La retour du dessin animé

Publié le 25 juin 2006 Lecture : 3 minutes.

En l’espace d’un week-end, début juin aux États-Unis, le dessin animé Cars a rapporté plus de 60 millions de dollars au studio Pixar, qui l’a produit. Le plus fort démarrage jamais réussi en Amérique par un film tous genres confondus, à la seule exception de Harry Potter and the Prisoner of Azkaban, qui avait obtenu un score légèrement supérieur il y a deux ans. En France, où il est sorti le 14 juin, en pleine Coupe du monde de football, donc avec un énorme handicap pour remplir les salles, il a aussi séduit le public : il a attiré lors de son premier jour d’exploitation deux fois plus de spectateurs que son suivant immédiat, un autre blockbuster américain, Poséidon. Il en sera de même sur l’ensemble de la planète, à n’en pas douter, au fur et à mesure de sa sortie dans tous les pays du monde.
Ce succès doit beaucoup aux qualités du film. Il a été réalisé par John Lasseter, l’un des maîtres du dessin animé, qui est aussi l’un des fondateurs et dirigeants de Pixar, la meilleure maison de production américaine de longs-métrages d’animation en 3D. On connaissait déjà les Toy Story 1 et 2 de Lasseter, où il réussissait à donner un cur et une âme à de simples jouets. Cette fois, il humanise des machines. Ou plus exactement des automobiles, puisque la totalité des personnages mis en scène sont des véhicules motorisés. Jusqu’aux insectes, qu’incarnent évidemment d’anciennes Coccinelles de Volkswagen.

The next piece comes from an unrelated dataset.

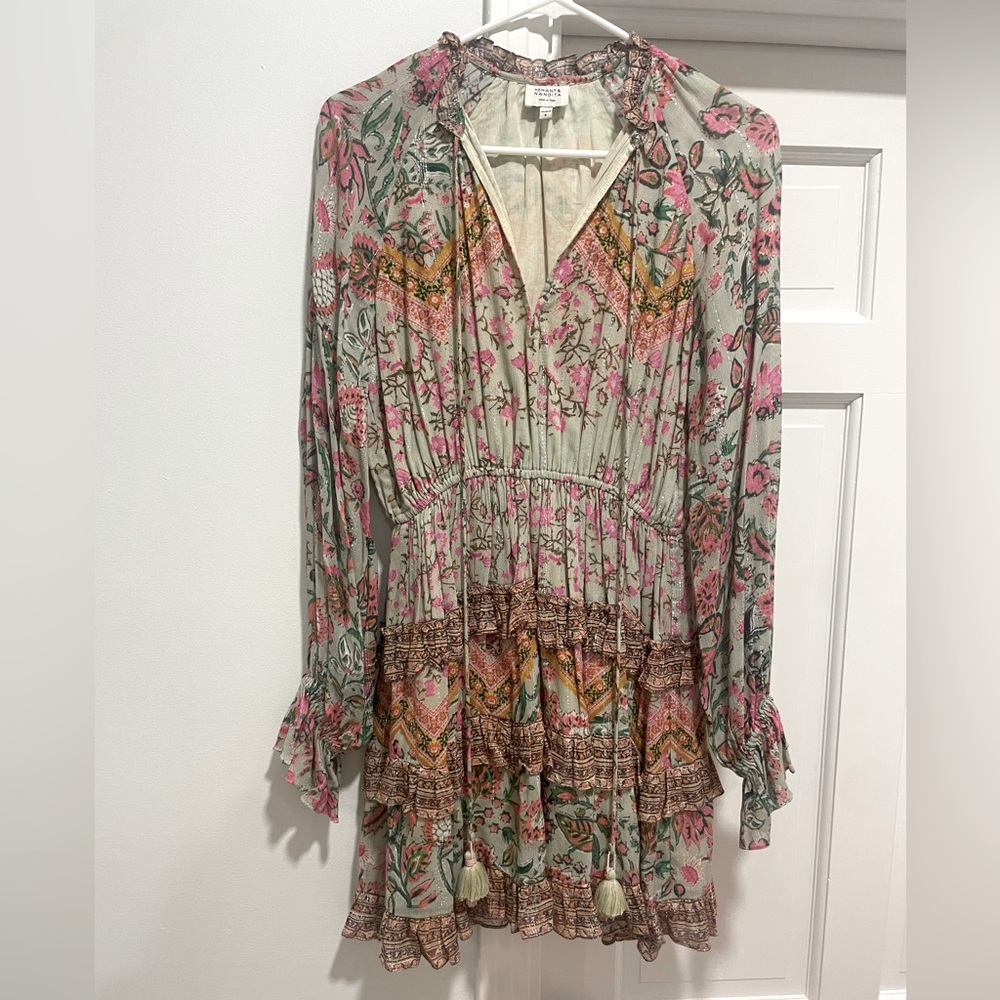 Gently used dress, love the silver strands running through it.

Une fois admis le postulat de départ (les personnages sont des voitures), le scénario n’a rien de révolutionnaire. Il raconte comment un bolide nommé Flash McQueen, parti disputer une course automobile en Californie, se retrouve bloqué à Radiator Springs, une petite ville au bord de la mythique Route 66. Condamné, en raison de dégâts qu’il a provoqués, à passer une semaine à réaliser des travaux d’intérêt général au service de la municipalité. De quoi enrager, d’autant que le lieu, désormais déserté en raison de l’ouverture d’une autoroute, n’abrite plus que des has been, figurés par des autos démodées. Mais ce séjour forcé dans le pays profond changera la vie du très égoïste Flash, qui découvrira à cette occasion le prix des « vraies » valeurs – l’amitié, l’entraide, l’humilité…
L’intérêt de Cars ne tient donc pas à l’histoire, même si celle-ci, fondée sur une approche nostalgique de la réalité, propose indirectement une critique virulente de l’Amérique du dollar et des winners. En revanche, le traitement du récit mélange avec brio une animation en 3D d’une rare virtuosité avec un style narratif plein d’humour et de trouvailles originales.
La réussite du film est aussi celle du genre cinématographique auquel il appartient. Tout comme le documentaire, qui connaît une nouvelle jeunesse depuis quelques années, le dessin animé profite aujourd’hui d’une petite révolution, qui a élargi considérablement son public. Le progrès technique (l’animation en 3D grâce aux technologies numériques), l’apparition d’une nouvelle génération d’auteurs, le choix de s’adresser non seulement aux enfants mais aussi aux adultes, voilà, parmi d’autres, des facteurs qui lui ont permis de rivaliser à nouveau avec les autres productions cinématographiques. Le succès de Pixar – cofondé, ce n’est pas un hasard, par Steve Jobs, président d’Apple – est à cet égard emblématique. Il a d’ailleurs été tel que ses dirigeants ont été appelés par ceux de Disney afin de sauver l’ancienne entreprise phare du secteur, en danger de disparition.
Ce renouveau de la production de dessins animés, que le public a plébiscité depuis les succès planétaires de Toy Story 2 et de Shrek, ne touche pas que les États-Unis. Il est également patent dans de nombreux autres pays, à commencer par le Japon (qui n’a entendu parler des superbes films de Miyasaki ?) ou la France (où le succès des deux Kirikou a aidé à multiplier les projets, et où les dessins animés représentent désormais plus de 10 % des entrées en salles). Un signe ne trompe pas : les gestionnaires comme les créateurs n’évoquent plus une niche – le film pour enfants – quand ils se préoccupent de l’avenir de l’animation mais le cinéma tout court. Un genre aussi noble que les autres.